Given a random variable X with a uniform probability distribution between [0,2].

What is the probability distribution function (pdf) of X^2 ?

Well, let's think through it logically. According to what you have said, the probability distribution function for $X$ is $P(X=k)=\left\{\begin{matrix} 1/2 & k\in [0,2] \\ 0 & k\not\in [0,2] \end{matrix}\right.$

If $X$ is between 0 and 2, then $X^2$ is between 0 and 4. Since we square the stochastic variable, we square its pdf to attain the probability distribution.

Thus, our new pdf is given by $P(X^2=k)=\left\{\begin{matrix} 1/4 & k\in [0,4] \\ 0 & k\not\in [0,4] \end{matrix}\right.$.

 

[Stephen Tashi]

we square its pdf to attain the probability distribution.

That isn't correct. Do the integration instead.

P(X^2 \le x) = P( 0 \le X \le \sqrt{x}) since, in this particular problem, X has zero probability of being in [-\sqrt{x},0].
For 0 \le x \le 4 , the cumulative is given by:
P(X^2 \le x) = \int_0^{\sqrt{x}} \frac{1}{2} dx

 

[Tamis]

Thnx Stephen! that was exactly what i was looking for!

 

[Mandelbroth]

That isn't correct. Do the integration instead.

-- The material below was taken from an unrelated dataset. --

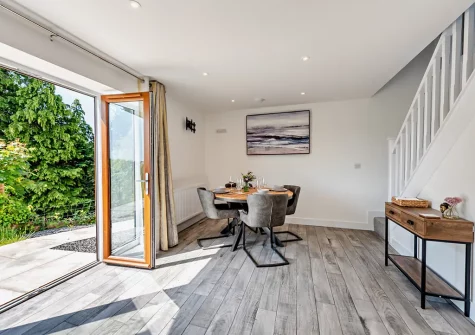 The dining area at Olive Lodge, High Bickington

P(X^2 \le x) = P( 0 \le X \le \sqrt{x}) since, in this particular problem, X has zero probability of being in [-\sqrt{x},0].
For 0 \le x \le 4 , the cumulative is given by:
P(X^2 \le x) = \int_0^{\sqrt{x}} \frac{1}{2} dx

That makes sense...but why doesn't my answer work? I'm off by a factor of $\frac{1}{\sqrt{x}}$.

Edit: Derp. The square root of a positive real number greater than 1 is a smaller positive real number. Thus, there is a skew. Sorry. Ignore me while I sit in the corner of shame.

 

[Stephen Tashi]

This problem is an example of the fact that the pdf f(x) of a continuous random variable X doesn't really have the interpretation "f(x) is the probability that X = x".

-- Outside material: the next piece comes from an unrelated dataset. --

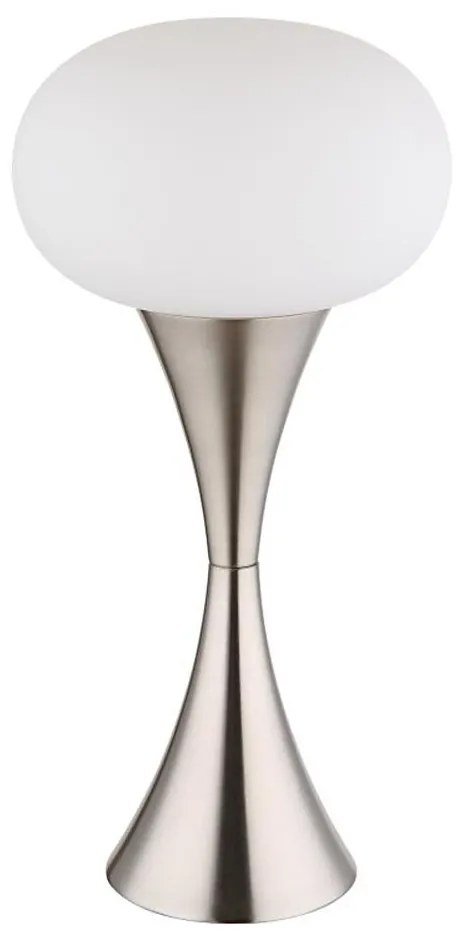 Globo 21027N - Lampada da tavolo LULA 1xE14/25W/230V cromo opaco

If it did have that interpretation then we could claim "the probability that X^2 = x) = the probability that X = sqrt(x) or x = - sqrt(x)), which in this problem is the probability that X = sqrt(x), which is the constant 1/2 for x in [0,4]".

Even though thinking about a pdf in such a manner gives the wrong answer in this problem, there are many other situations in probability theory where thinking about the pdf in that wrong way does suggest the correct formula.

 

[NegativeDept]

Another way to solve this type of problem is the change-of-variables rule for PDFs.

The method Stephen Tashi described is also useful. IMO it is a very good idea to do some simple practice problems (like this one) with both methods.